Gil, I agree that we have stressed the importance of a college degree too much. A college degree has become the equivalent of a high school diploma. More emphasis should be given to trades. We have many chiveros, but these have poor professional skills such as a master plumber or a skilled carpenter.
However, do remember that UPR Mayaguez engineering programs are 5 years and include several advanced courses that can be used to advance a masters degree. Which makes it surprising that Mayaguez has such a relatively high passing rate at the 5 year level.
On other issues there is an old saying that says No One Flunks a Course Paid From Their Own Pocket.

Gil C. Schmidt said...

Beato, I'm convinced a college degree nowadays, based on its cost, is a bad investment. It costs way too much for the supposed benefits it provides. There are better alternatives than the traditional college route and they merit exploring. Technical skills, such as what you mentioned, are a better option, but for-profit colleges are killing that segment, too, as they bilk students into taking out a ton of debt to pay for a degree.

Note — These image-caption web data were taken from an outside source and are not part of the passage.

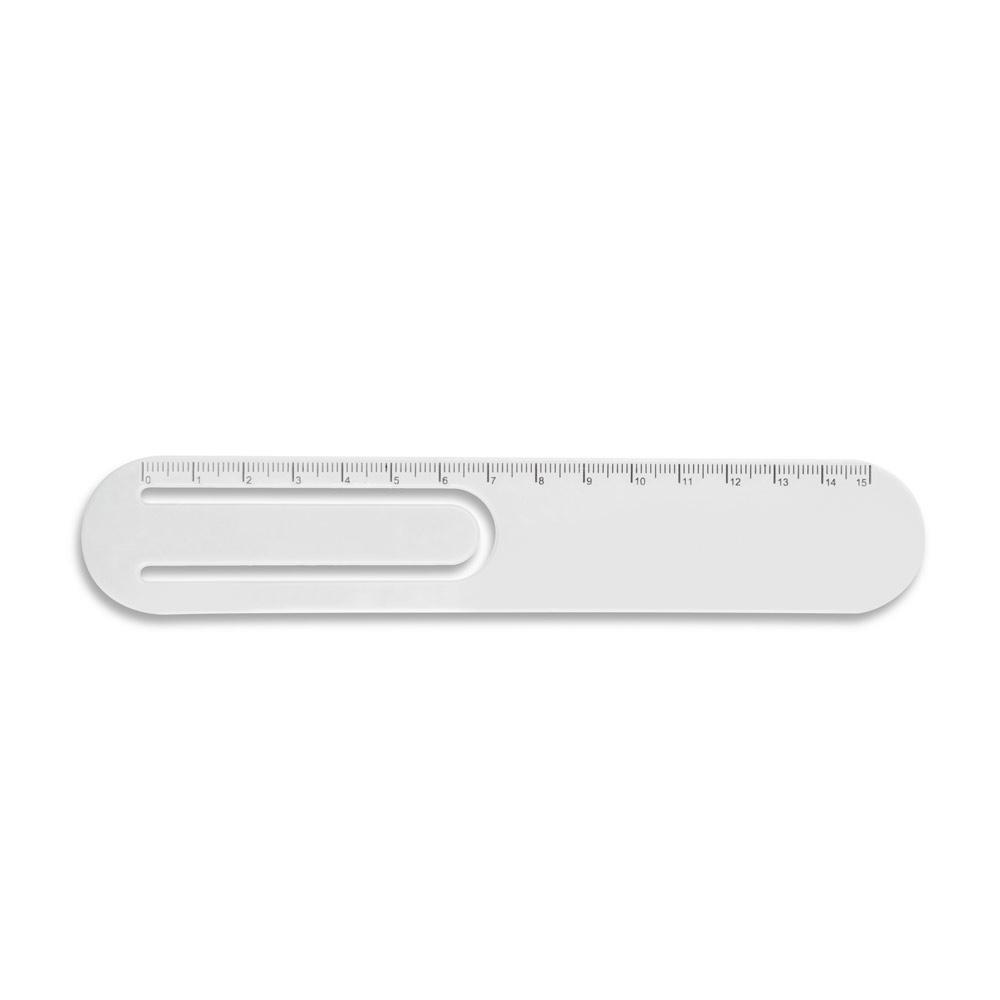 STEPHENIE. Riglă de 15 cm cu clip Alb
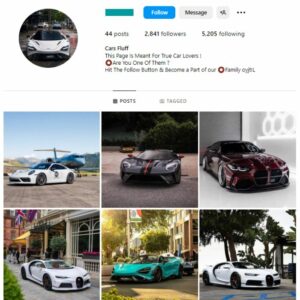 2K Exotic Cars Instagram Account for sale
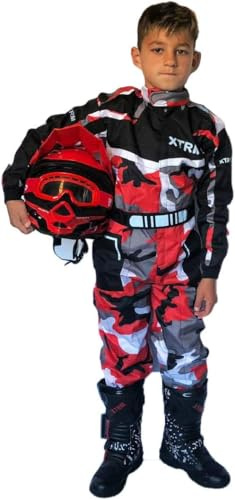 RACE JUNIOR KIDS KART SUIT New 2019 Motocross Quad MX Off Road Trials Go-Karting ATV MTB BMX Enduro Child Children Sports Racing Dirt Bike Overall Jump One Piece Suit (Camo Red,MEDIUM - 5-6 YEARS)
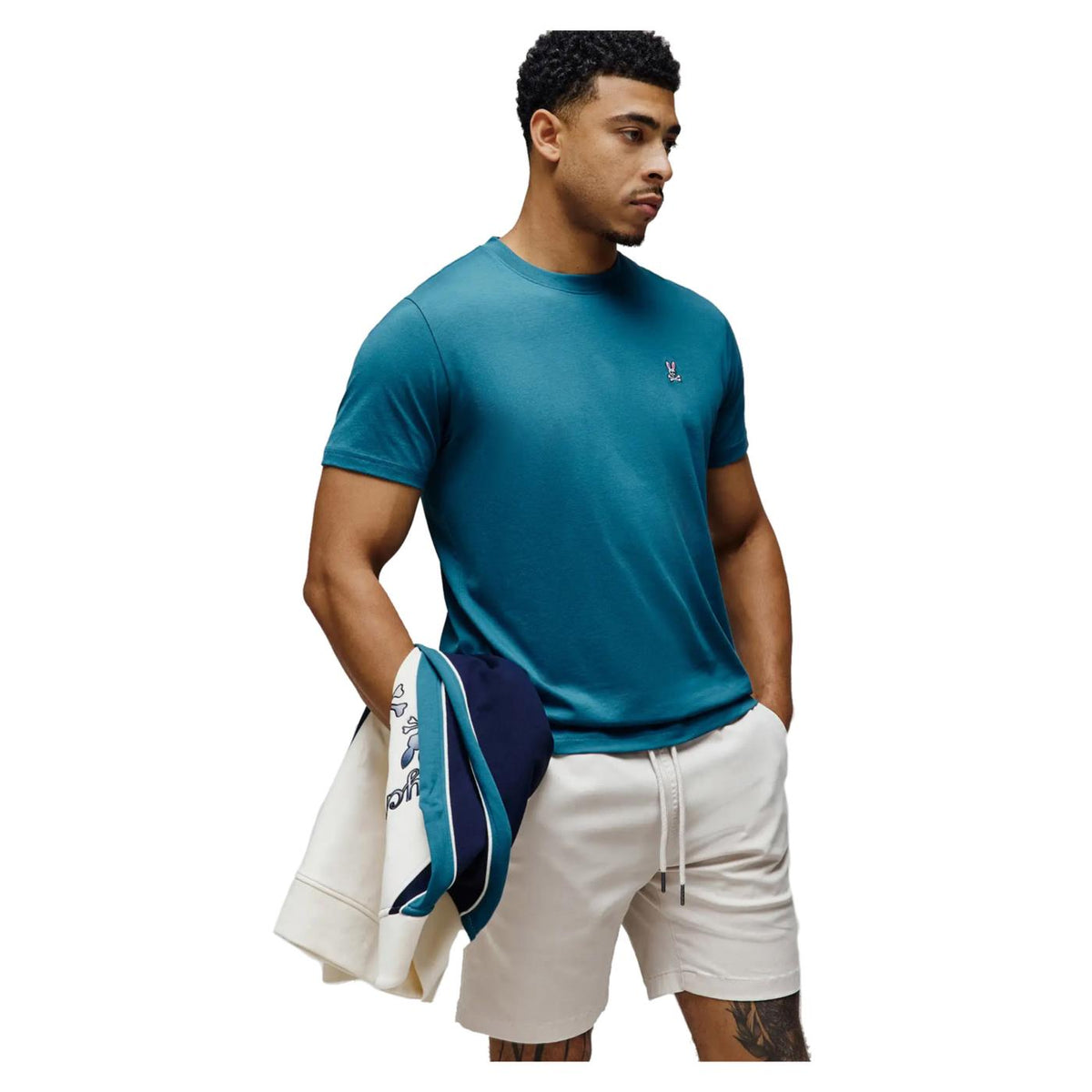 PSYCHO BUNNY CLASSIC CREW NECK TEE - Turchese - immagine principale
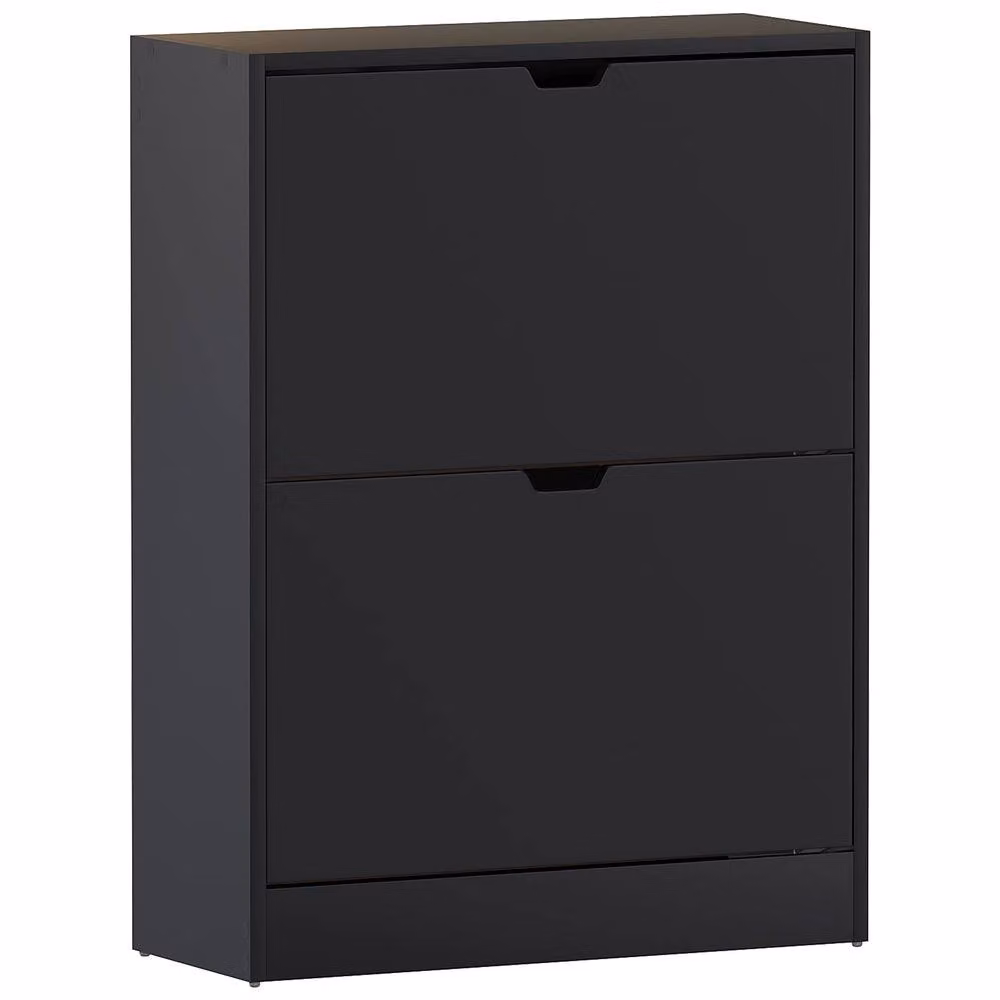 HD Designs Vida Designs Modern Black 2 Drawer Shoe Cabinet with Tilting Compartments – 2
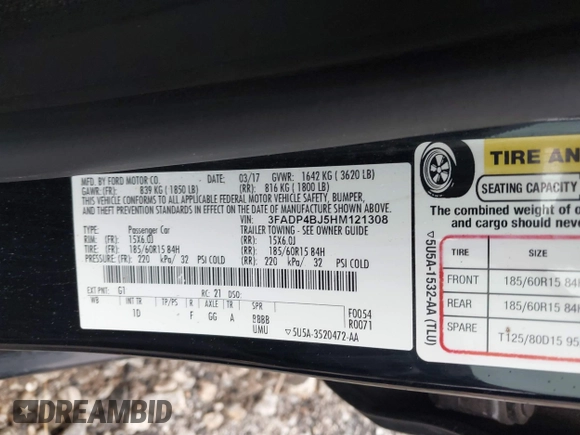 2017 Ford Fiesta SE with VIN 3FADP4BJ5HM121308, listed as a IAAI auction lot 41487509 with 147,112 mi miles. Bid and sale history available at carsss.com. Image 9.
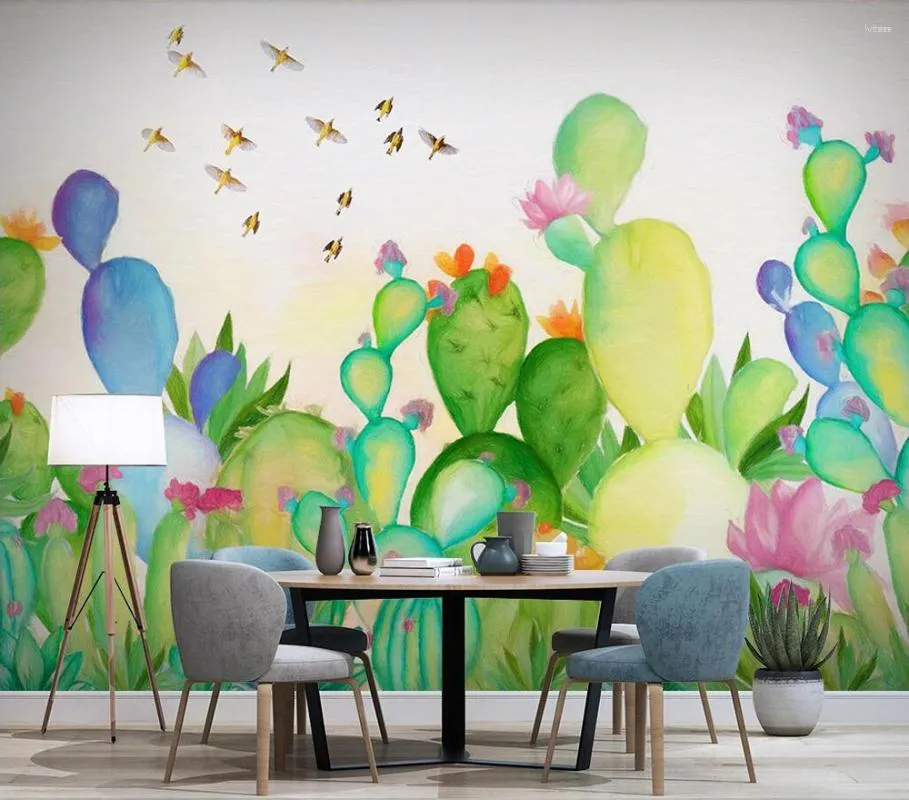 Wallpapers Decorative Wallpaper Hand Painted Cactus Background Wall Painting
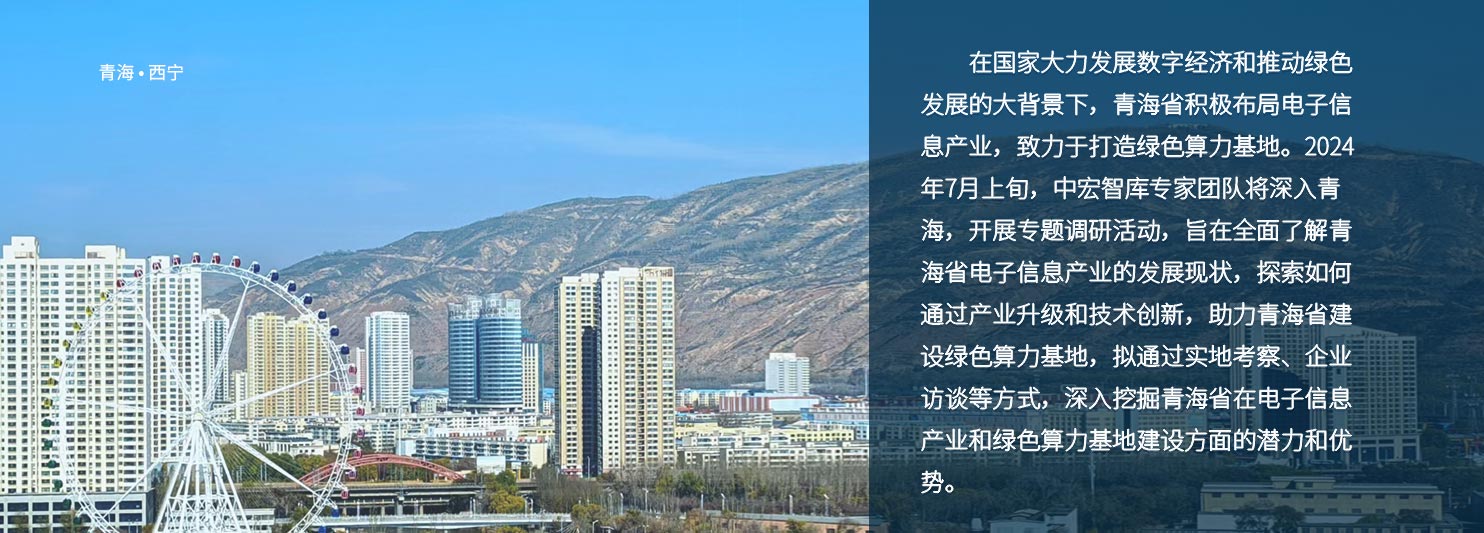 在国家大力发展数字经济和推动绿色发展的大背景下，青海省积极布局电子信息产业，致力于打造绿色算力基地。2024年7月上旬，中宏智库专家团队将深入青海，开展专题调研活动，旨在全面了解青海省电子信息产业的发展现状，探索如何通过产业升级和技术创新，助力青海省建设绿色算力基地，拟通过实地考察、企业访谈等方式，深入挖掘青海省在电子信息产业和绿色算力基地建设方面的潜力和优势。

I don't agree that Mayaguez has a lower graduation rate because it has a 5-year program. M.I.T. has a 5-year program and these are their numbers:

Four-year graduation rate 82.5%
Five-year graduation rate 91.7%
Six-year graduation rate 93.6%

Now some might say that comparing "el R.U.M." to M.I.T. is unfair, but I don't: ask NASA on how they match up talent-wise. The difference is that M.I.T. has an educational structure geared towards graduating its students while We have an educational system geared towards "parking" Our students until they either get pushed out the door (with or without a degree) or their Pell Grants run out...with or without a degree. I'm just tired of seeing the UPR treated as an "intellectual center/engine of change" and thus worthy of being respected as such when in fact it is not much more than a kindergarten with a cash bar.

Thanks for commenting. The next round of drinks is on Me.

Ed said...

Loved this post. I think many students are at fault here but the system lets them get away with it. One of my roommates graduated in 6 years from a 4 year Biology degree. I think he took Organic Chemistry 3 or 4 times. He is a Veterinarian now after spending at least twelve years studying.

I wonder how the failure to have enough courses that are requisites for graduation affect the graduation rates.